→ Your objective: Copy exactly the lines of the records below, starting at the line that contains "Rice Melamin Kinderteller" and continuing through the last line, both included; omit any pictures.

------------------------

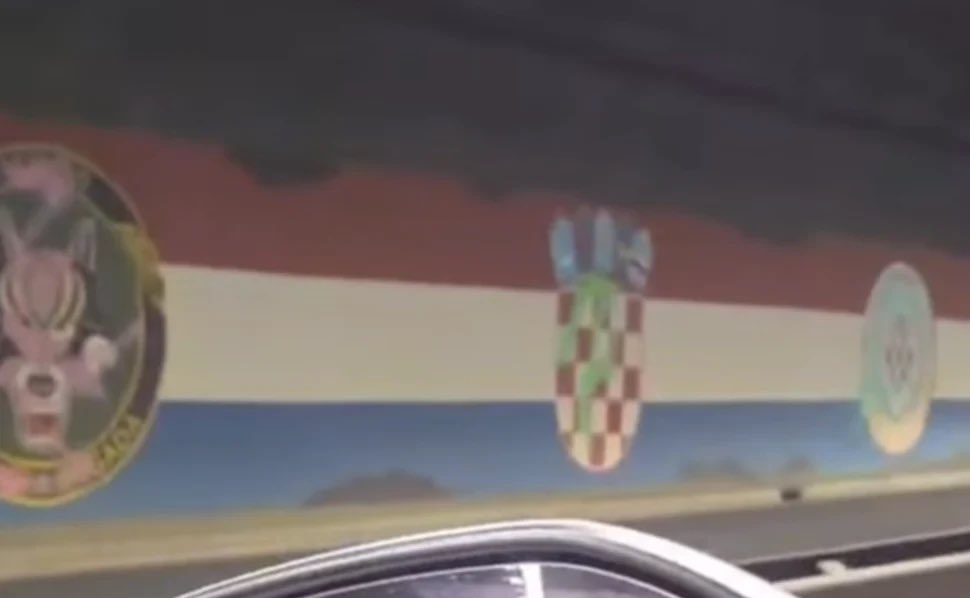 EZubovic's tweet photo. Mislim da nigdje ne postoji društvo u kojemu pripadnici/podržavateljj ljevice iz dna duše mrze državu u kojoj žive. Ovaj put nisu išarani znakovi vojnih postrojbi Domovinskog rata, već i grb RH. Dno dna. https://t.co/mYRTte980N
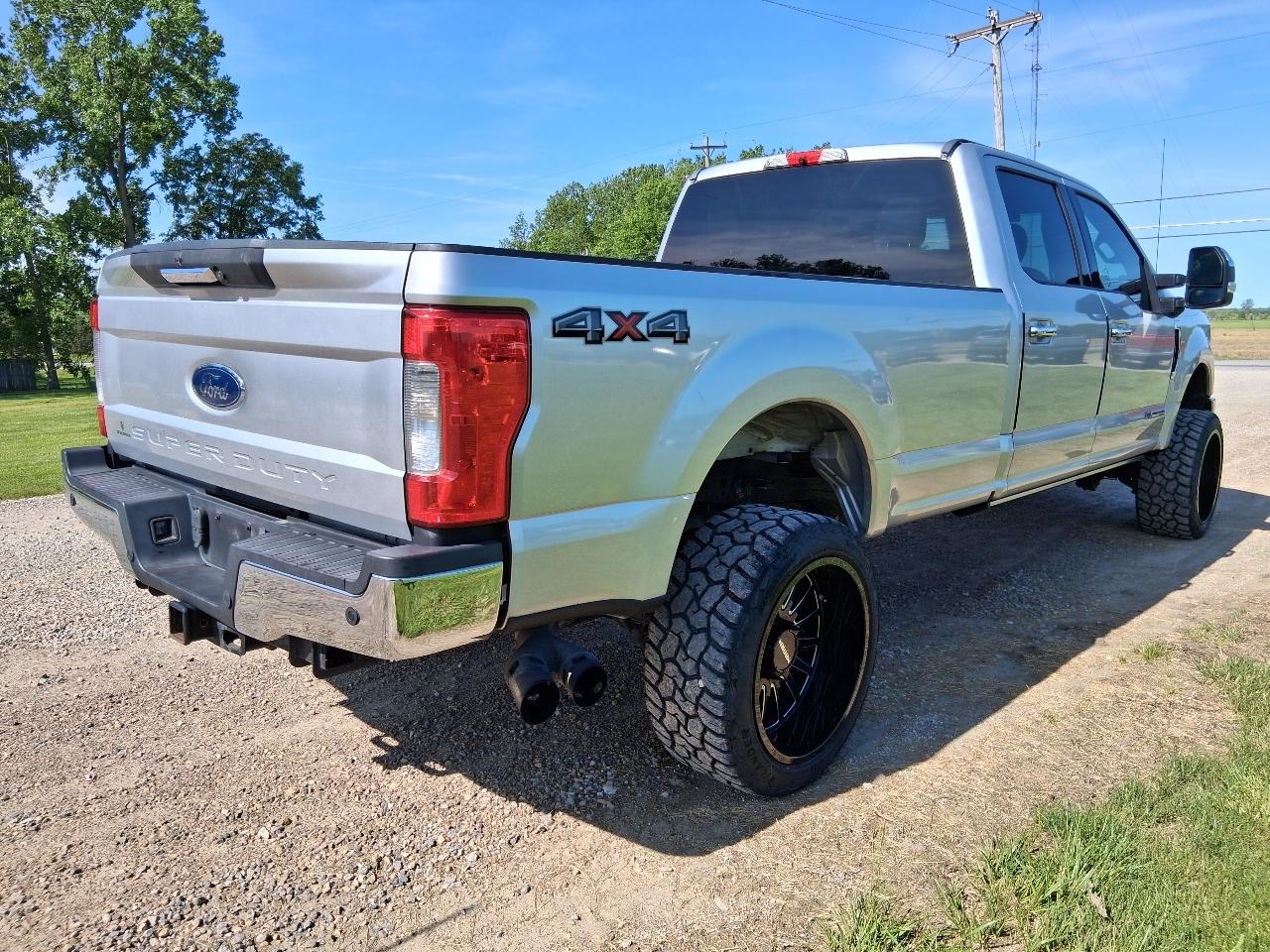 Ford Super Duty F-350 SRW King Ranch 4WD Crew Cab 8' Box 2017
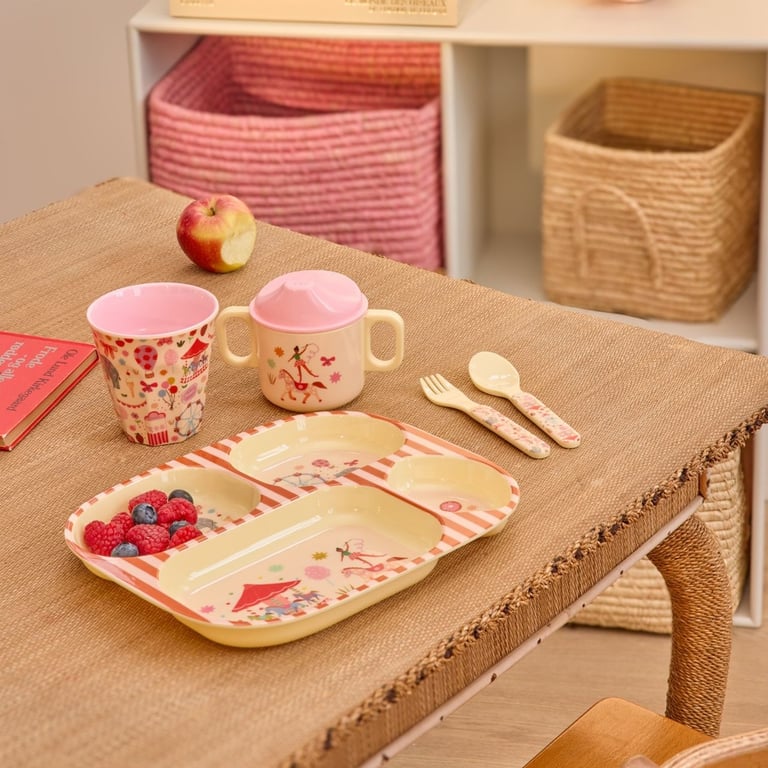 Rice Melamin Kinderteller mit 4er Einteilung Fun Fair Print, pink 1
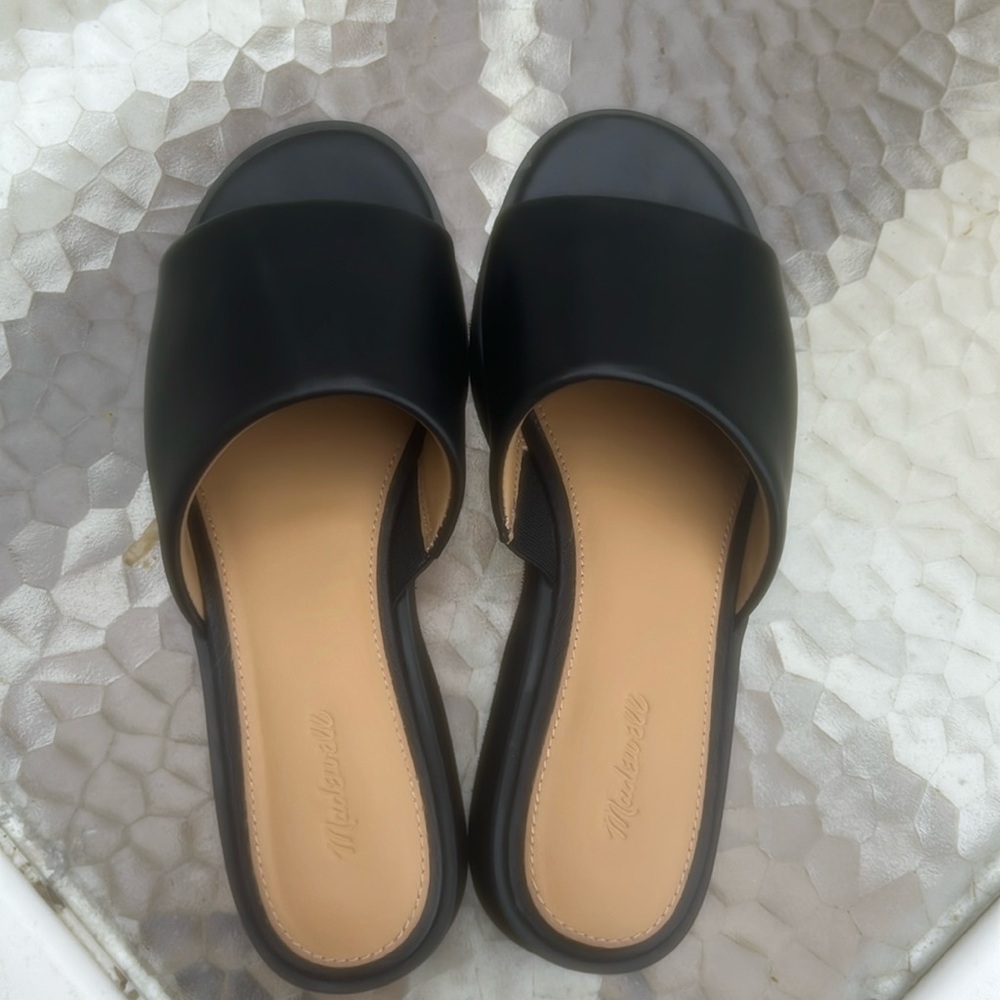 Black shoes.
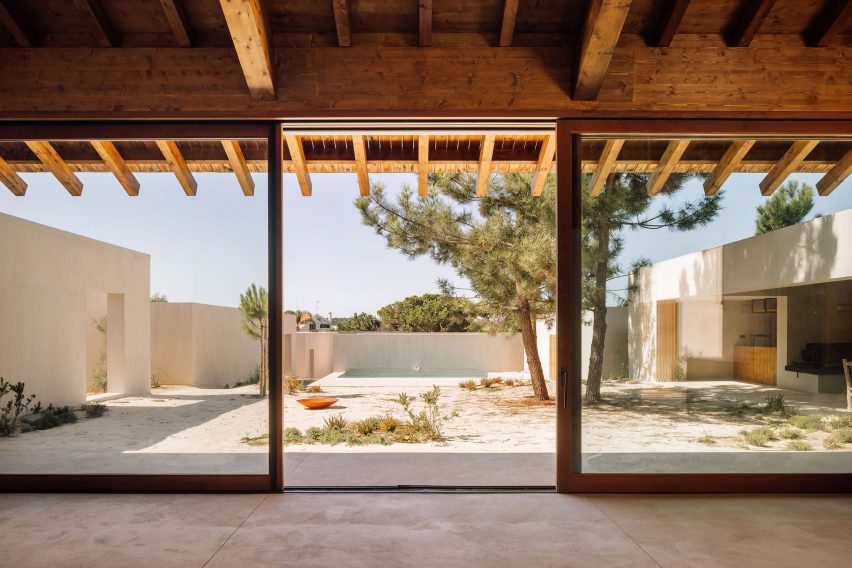 Casa da Encosta by SIA Arquitectura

------------------------

→ Response area:
 Rice Melamin Kinderteller mit 4er Einteilung Fun Fair Print, pink 1
 Black shoes.
 Casa da Encosta by SIA Arquitectura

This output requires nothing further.